The Company, in consultation with the Global Coordinators and Book Running Lead Managers (“GCBRLMs”), may consider participation by Anchor Investors, in accordance with the SEBI ICDR regulations. The Anchor Investor Bidding Date shall be one working day prior to the Bid/Issue Opening Date. The Issue will close on Thursday, October 27, 2016. The minimum Bid lot is 19 equity shares and in multiples of 19 Equity Shares thereafter.  An employee discount of Rs. 75 per Equity Share to the Issue Price may be offered to Eligible Employees bidding in the Employee Reservation Portion.

The equity shares offered through the Issue are proposed to be listed on National Stock Exchange of India Limited (“NSE”) and BSE Limited (“BSE”).

The GCBRLMs to the issue are Kotak Mahindra Capital Company Limited, DSP Merrill Lynch Limited, JM Financial Institutional Securities Limited, J. P. Morgan India Private Limited and Morgan Stanley India Company Private Limited.

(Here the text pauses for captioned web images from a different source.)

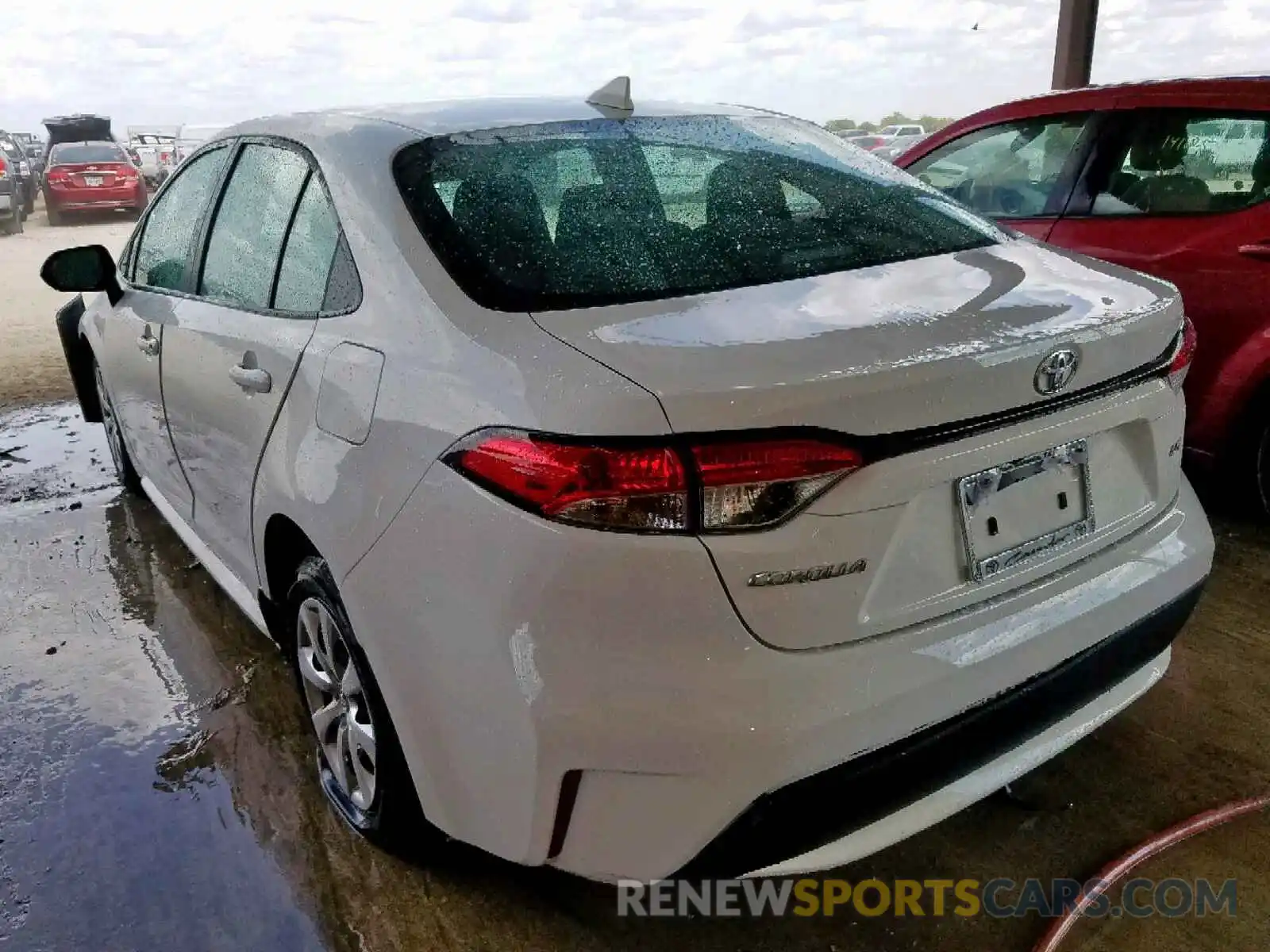 3 Photograph of a damaged car 5YFEPRAE3LP043404 TOYOTA COROLLA 2020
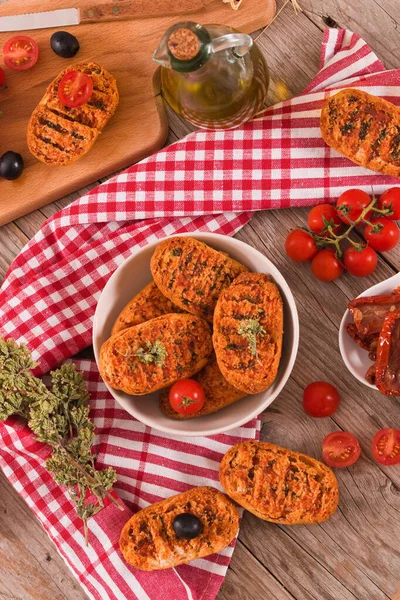 トマトとオレガノのトーストパン — ストック写真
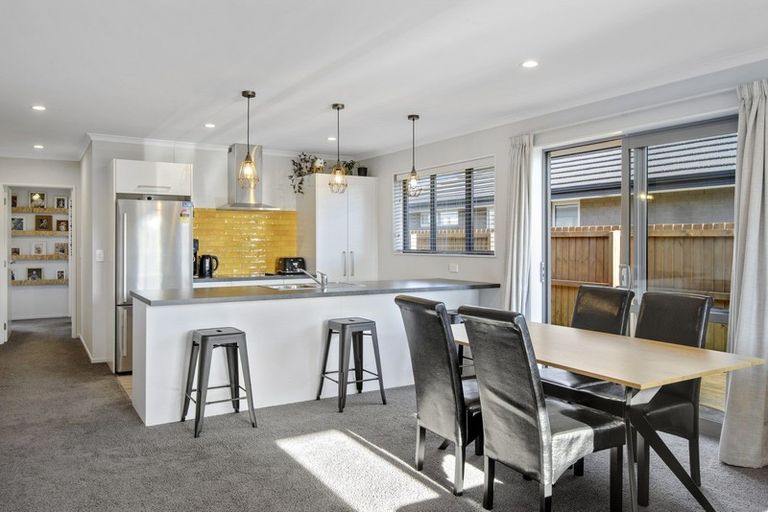 Photo of property in 6 Hurutini Way, Halswell, Christchurch, 8025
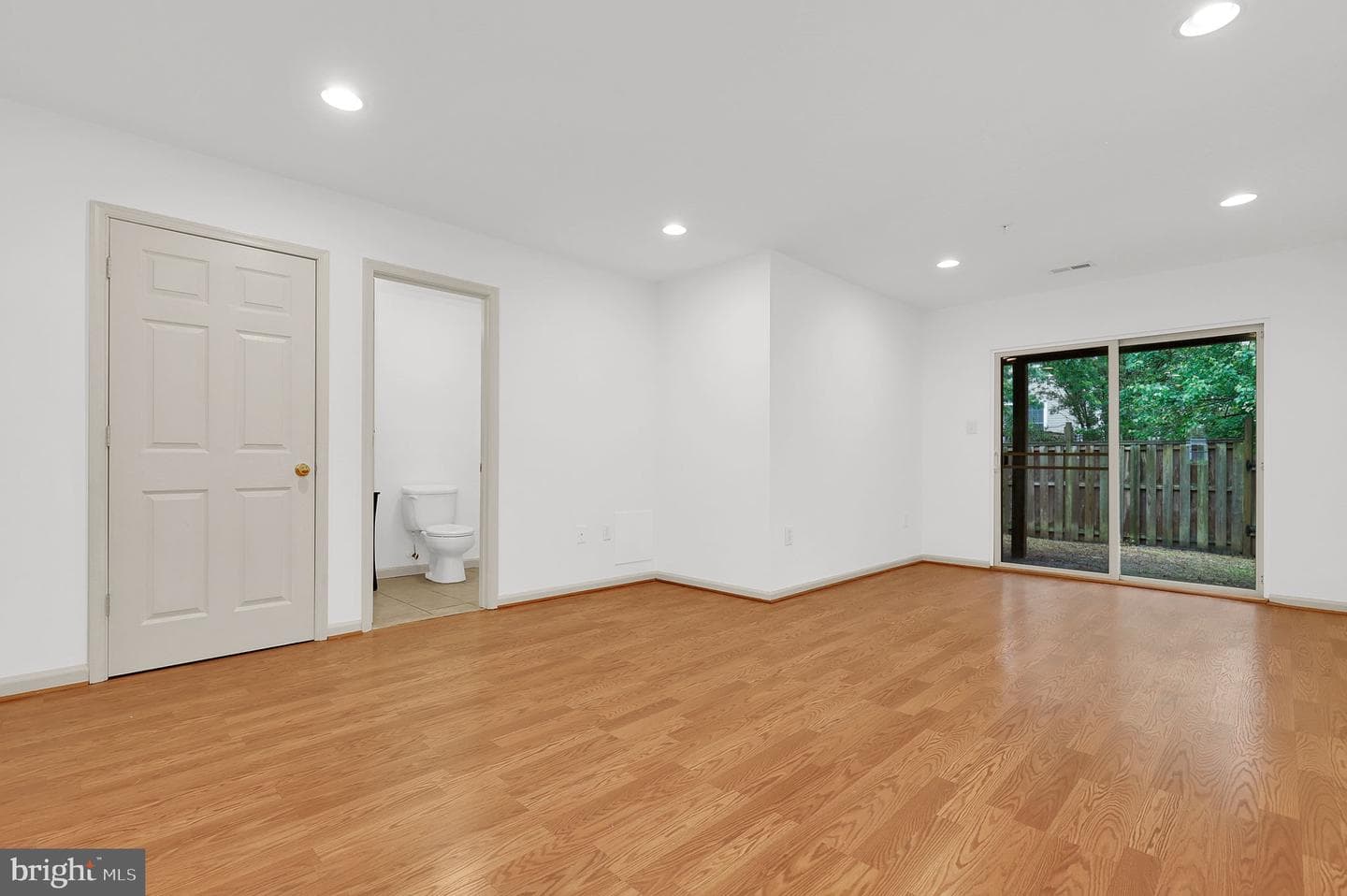 2495 Lakeside Drive photo 34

The issue is being made through the Book Building Process and in compliance with Regulation 26(1) of the Securities and Exchange Board of India (Issue of Capital and Disclosure Requirements) Regulations, 2009, as amended (the “SEBI ICDR Regulations”), wherein not more than 50% of the Net Issue shall be allocated on a proportionate basis to Qualified Institutional Buyers (“QIBs”) (the “QIB Category”), provided that the Company may, in consultation with the GCBRLMs, allocate up to 60% of the QIB Category to Anchor Investors on a discretionary basis in accordance with the SEBI ICDR Regulations (the “Anchor Investor Portion”), of which one-third is to be reserved for domestic Mutual Funds, subject to valid Bids being received from domestic Mutual Funds at or above the Anchor Investor Issue Price.

Further, five percent of the QIB Category (excluding the Anchor Investor Portion) shall be available for allocation on a proportionate basis only to Mutual Funds, and the remainder of the QIB Category shall be available for allocation on a proportionate basis to all QIBs (other than Anchor Investors), including Mutual Funds, subject to valid Bids being received at or above the Issue Price. Further, not less than 15% of the Net Issue shall be available for allocation on a proportionate basis to Non-Institutional Investors and not less than 35% of the Net Issue shall be available for allocation to Retail Individual Investors, in accordance with the SEBI ICDR Regulations, subject to valid Bids being received at or above the Issue Price.

Further, Equity Shares will be available for allocation on a proportionate basis to Eligible Employees, subject to valid Bids being received from them at or above the Issue Price. All Investors (except Anchor Investors) shall mandatorily participate in this Issue only through the Application Supported by Blocked Amount (“ASBA”) process, and shall provide details of their respective bank account which will be blocked by the Self Certified Syndicate Banks (“SCSBs”).